NHK教育テレビに「趣味悠々」という番組がある。さまざま趣味をとりあげて、その入門を懇切丁寧に教授するという中高年向けの企画だ。以前に、パパイヤ鈴木を講師に迎えてダンス講座が放送されたときは、よく見ていた。テレビの前で一緒にステップの練習をしながら。
さて、2月から8週連続でこの番組がとりあげているのが「鉄道模型」である。(NHKの同番組サイト。毎水曜日放送。)
じぶんでも何が何だかわからなくなるほど好きなものがたくさんあるお目出たい人間なのだが、なかでも鉄道模型はもっとも長い付きあいだ。鉄道模型界の『文藝春秋』ともいうべき雑誌『鉄道模型趣味』(機芸出版社)に接したのは小学三年生のとき。ページを繰るごとに現れる精巧につくられた模型車両、それらを走らせるレイアウト(ジオラマのこと)、専門用語に満ちたメーカーや販売店の広告。すっかり魅了されてしまった。記事も広告も、そこに書かれている内容は小三の坊主にはちんぷんかんぷんでまるっきり理解できなかったにもかかわらず、さっそく毎号購読しはじめた。当時は鉄道模型の専門誌といえば、これしかなかったのだ。それに、模型自体は小学生には高価すぎた(いまもだが)。以来、幾度かの中断を挟みながら、いまも定期購読をつづけている。

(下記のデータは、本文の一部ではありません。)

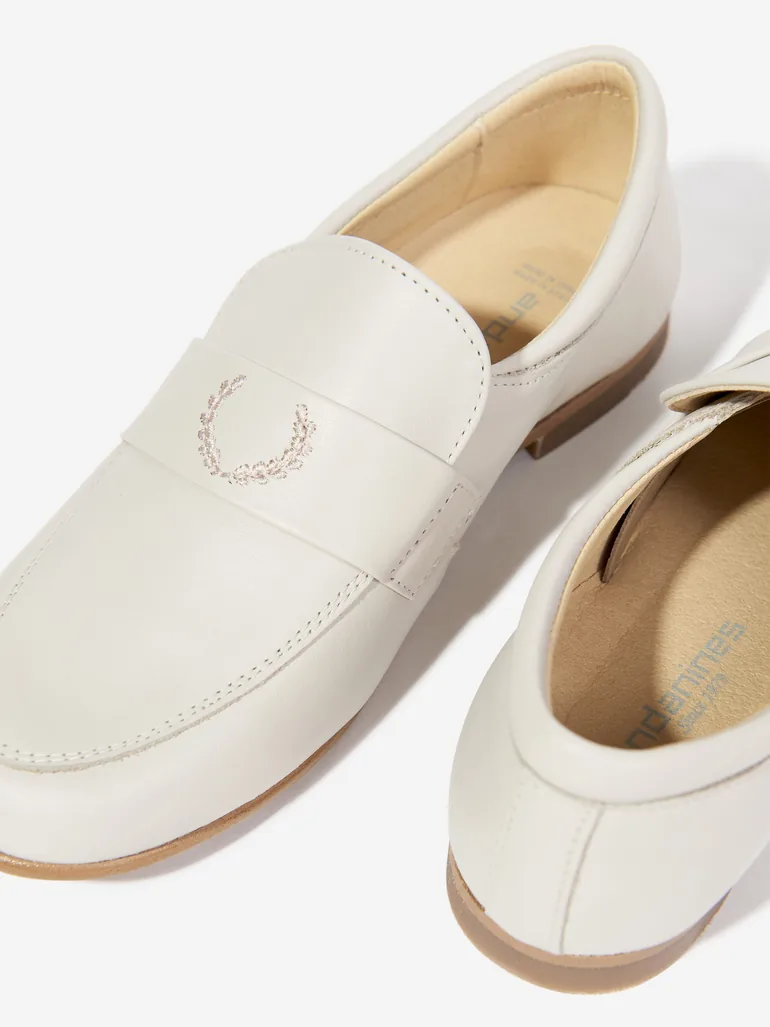 Andanines Boys Leather Loafers in Beige - 1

しかし、鉄道模型を愛好する癖がある事実を、ぼくはあまり公に口にしたことがなかった。周囲に知られてはならないことであるように感じていたからだ。なんとなく。こういうことは世を忍んでひっそりと愛好しなければならない。ローマ帝国から弾圧された初期キリスト教信者のように、鉄道模型愛好家たちは地下に潜伏し、ただ毎月届く『鉄道模型趣味』を介して、同志の活躍を知る。そんな感覚だったのだ。
不思議なもので、学生時代にはほとんど直接出会うことのなかった同好の士に、編集者として働きはじめてから出会うようになった。雑談のなかで、何かの拍子に気がつくのだ。すると、「え、もしかして、……お好きですか?」ということになり、あとは仕事の打合せそっちのけで延々と何時間も模型談義がつづく。
そんな地下潜伏愛好家にとって、まさか鉄道模型がNHKでとりあげられる日が来るとは夢想だにしなかった。とまどいもある。これが、鉄道模型が広く社会的認知をうけた証なのかどうか。仮に一個の趣味として社会的地位を与えられたのだとしても、それが喜ぶべきことであるのかどうか。いずれにせよ、濃い世界としかいいようのなかった鉄道模型界も、いくらかは「明るく清潔」になったのだ。
番組は、子どものときのあの気持ちをもう一度! と謳って再入門を後押しする、というスタンスである。内容的には、車両製作ではなくレイアウト製作に比重がおかれている。第4回にあたる今週(2/28)からは、いよいよ地形づくりに入るようだ。